▸ **TASK INSTRUCTIONS**: Copy the data below exactly, but not the pictures it contains.

---------- DATA SEGMENT ----------

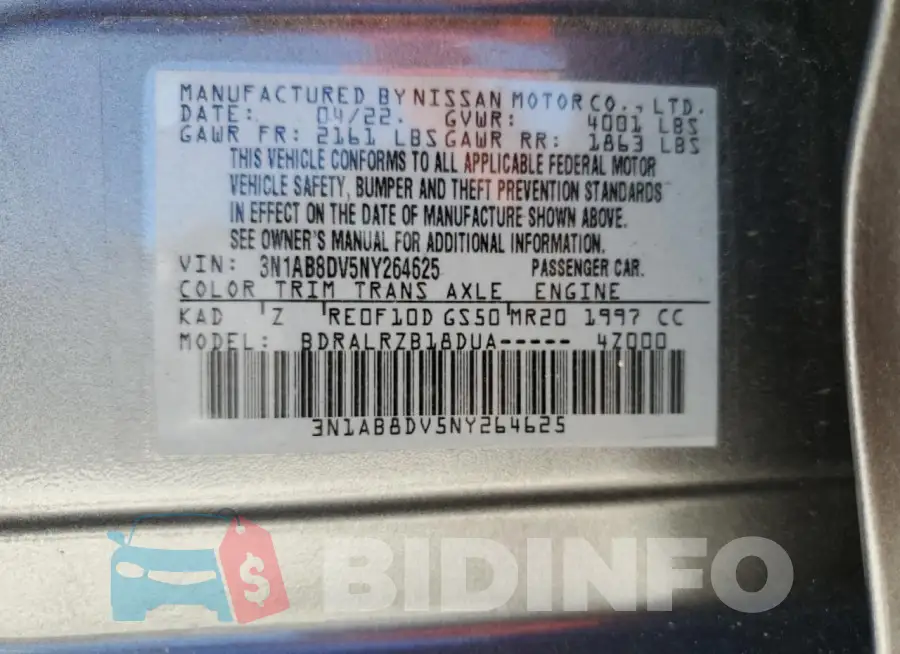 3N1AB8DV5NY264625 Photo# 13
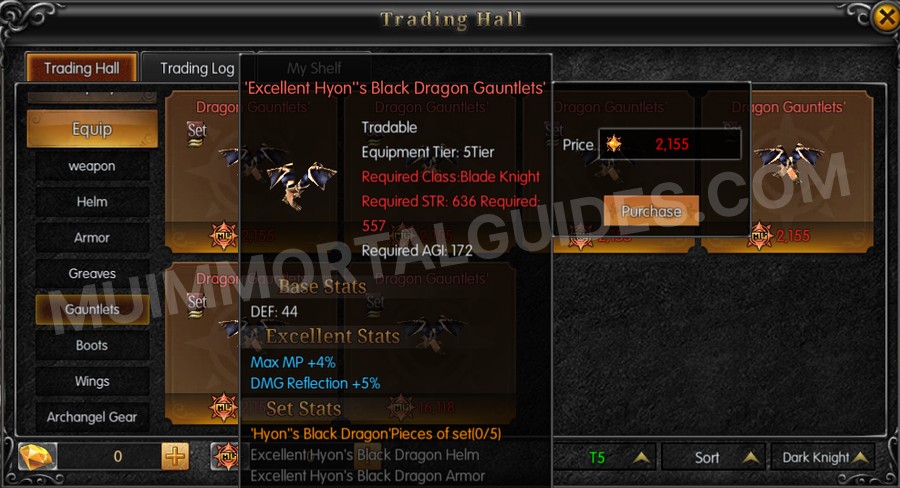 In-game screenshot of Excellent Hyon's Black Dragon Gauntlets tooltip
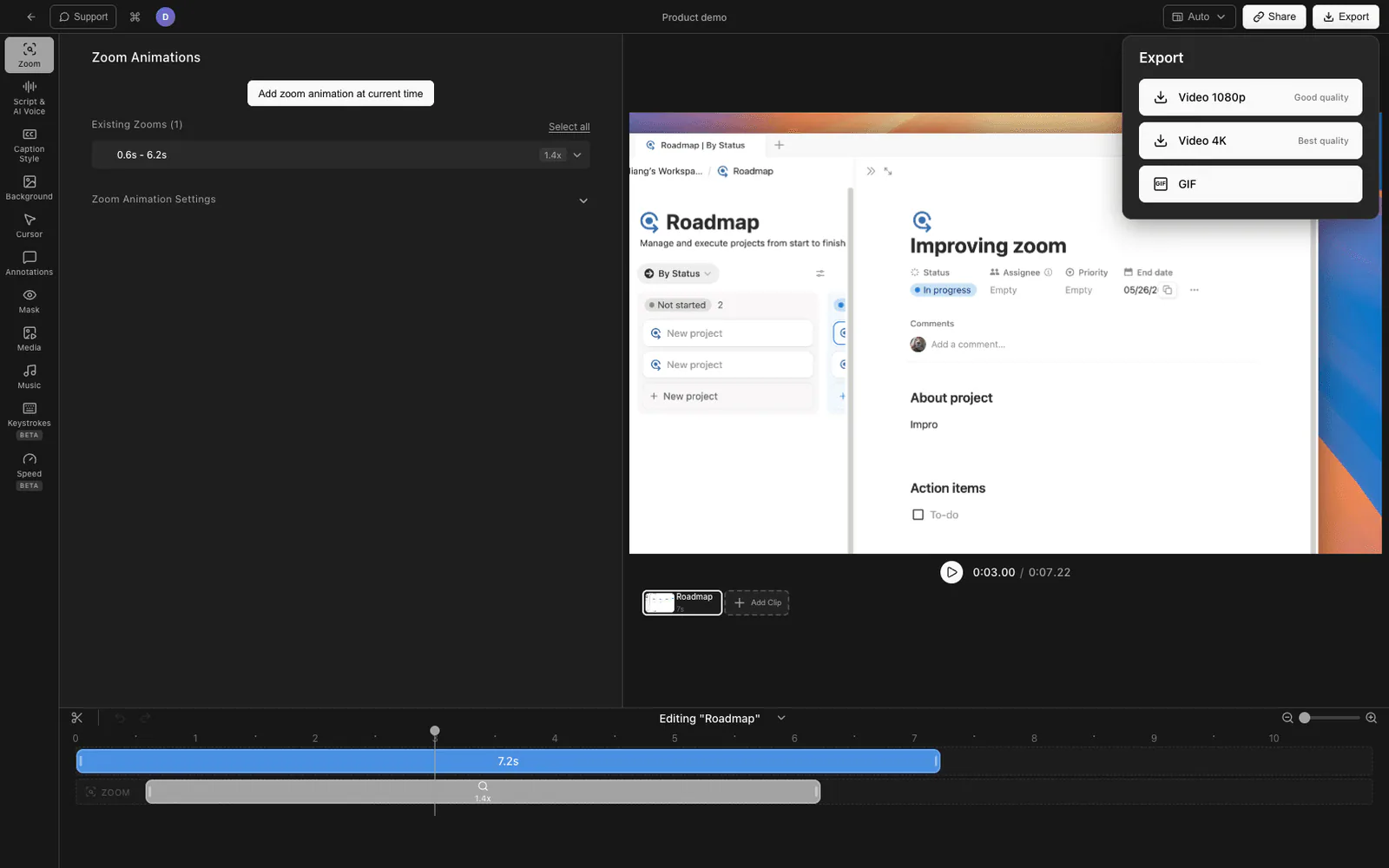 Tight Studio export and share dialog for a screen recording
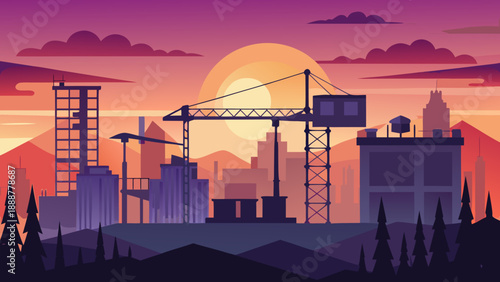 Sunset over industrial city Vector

----------

▸ **WORKED SOLUTION**:
 3N1AB8DV5NY264625 Photo# 13
 In-game screenshot of Excellent Hyon's Black Dragon Gauntlets tooltip
 Tight Studio export and share dialog for a screen recording
 Sunset over industrial city Vector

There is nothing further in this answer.